TOI quotes bloggers with NO attribution

The Bangalore Times "supplement" of this morning's Times of India (TOI) has an article called Sabre-rattling in cyber space, which talks about the controversy about Indra Nooyi's recent comments. (I'm not going there.)

The article discusses the reaction of the blogosphere to the controversy and essentially is a collection of quotes from (what appears to be) different blogs. What was interesting was that the writer (Panchalee Thakur) did not mention even one blog's address. Are journalists this unaware of acceptable use and quoting policies? Or is this just journalistic hubris? When bloggers quote each other, there's always an attribution.

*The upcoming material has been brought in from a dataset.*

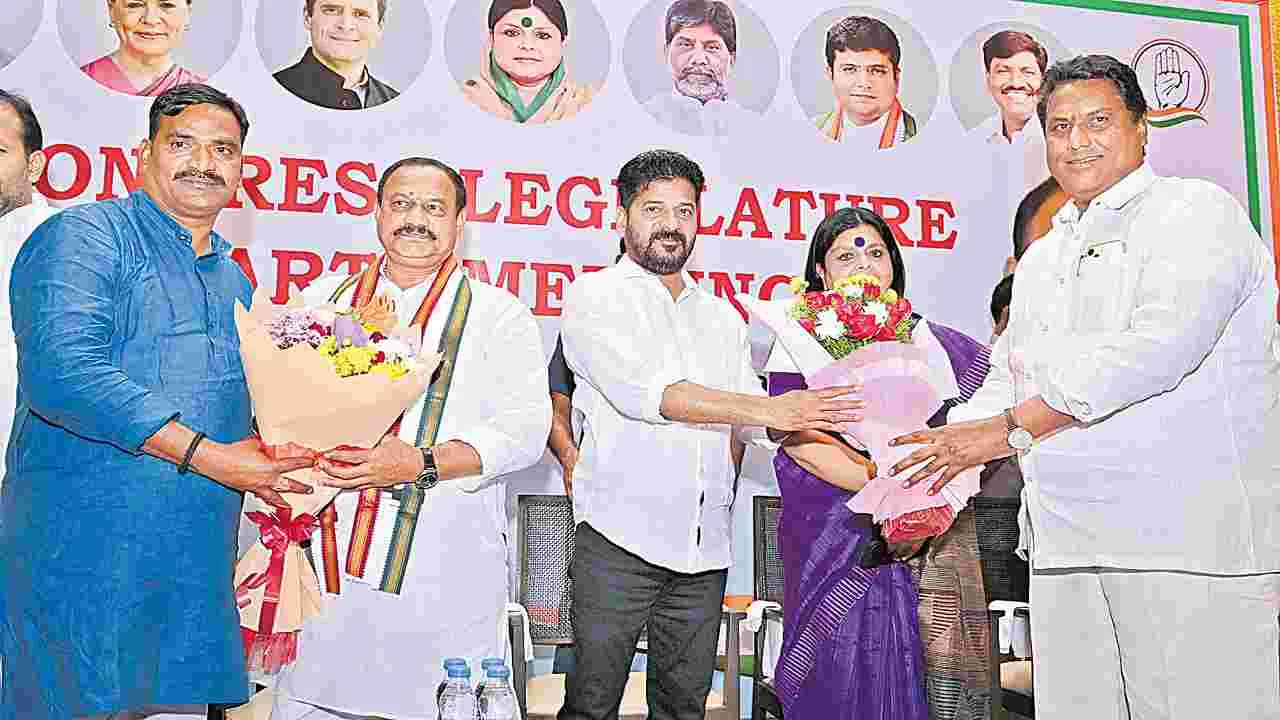 CM Revanth : కుటుంబానికో..  డిజిటల్‌ కార్డు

How come a big newspaper like TOI sees no need to do this?

Or this it just not surprising anymore, given the way journalism is going now-a-days?

4 Comments:

At 10:37 AM, Blogger NV said...

Exactly my views. It is maddening when someone takes your original thought and does not even give you the credit for it. I wonder if TOI would remain mum if someone took articles of it's publication and post it claiming saying they got it from "some publication"! TOI has been doing this from quite sometime, taking articles from the web, making small changes, sometimes truncating them, X-( and publishing it. It is the truncating part that gets me mad. You read, read, and the end of it is not even a complete sentence!! So much for the editors...

 
At 10:56 AM, Blogger Percy said...

Yeah, TOI does take articles from the web, or even news and sometimes you read attributions like, taken from the Internet. Hmm, that narrows it down a little.

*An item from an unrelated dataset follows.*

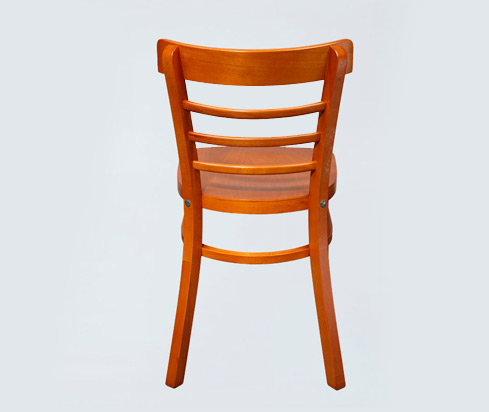 Wooden Scandi Dining Chairs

I think TOI has so much revenue from its ad-stream plus the other businesses (Zoom, Planet M, etc.) they probably don't care if the newspaper is mediocre. TOI is not much better than a tabloid I think. Nothing wrong with being a tabloid, tabloids have their own readership. It's the part about "being a respected news source" or whatever and actually doing tabloid journalism that is irritating. The only redeeming feature is that the events happening in Bangalore are reported and that's the place where I find out about most of the live music shows, etc.

 
At 2:43 PM, Anonymous Anonymous said...

All of Bangalore Times' gossip is directly flicked from MSN.com. Guess they have some kind of agreement on that.

Sometimes the paper is really irritating, with reporting teenage drinking and partying on the first page and all those party goers raising their glasses on the third page. Quite an example for the youth.

But all said and done, I wouldnt read any other paper :)

 
At 3:08 PM, Anonymous Anonymous said...

Oh I didn't know about the MSN.com thing, thanks Deepak. Will be worth checking out MSN.com for all the TOI rumours now. I rarely read MSN.

I think this whole Page 3 culture is quite a pain in the royal rear end (I'd like to date some of those women though!) but I think it's here to stay. If you read TOI in Hyderabad, they have the same stuff, except it's the Hyderabad people. My friend from Delhi said that it's the same in Delhi. TOI's got the whole tabloid thing down very well.